她转身走向门口,手握住门把时,身后传来陆笙的声音:
“对了。”
她停住,回头。
陆笙没有抬头,笔尖在纸上划动:“凌晨一点半还在改方案,精神可嘉。但我不希望我的员工因为疲劳降低工作效率。”
沈疏影的血液彻底凉了。
她不知道自己是怎么走出那间办公室的,怎么回到十二楼,怎么坐回自己的工位。
周小雨凑过来问“陆总找你干嘛”,她只能机械地回答“分配项目”。
整个上午,她像梦游一样打开电脑,打开文件夹,却一个字都看不进去。
脑子里只有两件事:
第一,陆笙知道她昨晚熬夜改方案。
他怎么知道的?背景调查会详细到这种程度吗?
第二,那个敲击的节奏。
中午十二点,手机震动。
9473:“新公司怎么样?”
沈疏影盯着这条消息,手指冰凉。
她慢慢打字:“老板很可怕。”
发送。
几秒后,回复来了。
9473:“怎么个可怕法?”
2216:“知道员工昨晚熬夜,今天早上就拿来当例子敲打,耳朵尖得像侦探。”
这次,回复隔了整整一分钟。
9473:“也许他只是关心员工健康。”
沈疏影差点冷笑出声。
关心?陆笙那种大总裁知道“关心”两个字怎么写吗?
2216:“不,他是提醒我:你的一切都在我掌控中。”
9473:“听起来是个控制狂。”
2216:“而且是顶级的那种。”
对话在这里停顿。
沈疏影看着屏幕,忽然冒出一个疯狂的念头。
她点开输入框,打字:“你用过‘真实肌肤’这个概念吗?在营销方面。
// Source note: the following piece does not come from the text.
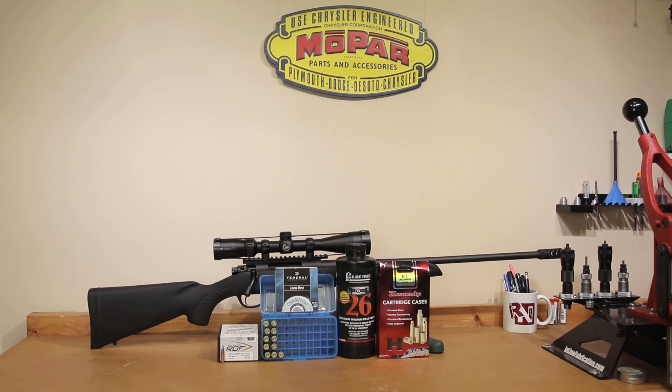If you guys decide to try it in 6.5 Creedmoor, I guess that decision is up to you. Anyway, even if you're not reloading for 6.5 Creedmoor, I hope you enjoyed today's video. If you have any comments or questions, please post those in the comment section below. If you like the content, please consider subscribing to the channel and hitting the bell icon so you get notified when I post next week's video. I hope to see you back next week, and until then, stay safe in small groups.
”
发送。
等待。
三十秒,一分钟。
9473:“为什么这么问?”
2216:“刚接到的项目,和昨晚我们聊的很像。”
这次,回复来得很快。
9473:“巧合,好概念总是相似的。”
合理,太合理了。
沈疏影靠进椅背,闭上眼睛。
她一定是神经太紧张了,才会把陆笙和9473 联系起来。
一个是冷酷严苛的老板,一个是温柔智慧的网友,怎么可能是同一个人?
但那个敲击声...
她打开电脑,搜索“陆笙 公开演讲”。
跳出来一段三个月前的行业论坛视频。她戴上耳机,点开。
陆笙在台上讲话,声音通过现场音响有些失真,但基本特质还在。
她快进到问答环节,有个观众提问,陆笙思考时:左手食指在讲台上轻轻敲击。
一下,两下,三下。
节奏,间隔,轻重。
和她昨天晚上听到的,几乎一模一样。
沈疏影猛地摘下耳机,像被烫到一样。
窗外,正午的阳光刺眼得让她晕眩。
办公桌上,那份写着“悦己真实肌肤”的文件夹静静躺着,封面反射着冷光。
手机屏幕暗了下去,映出她苍白的、震惊的脸。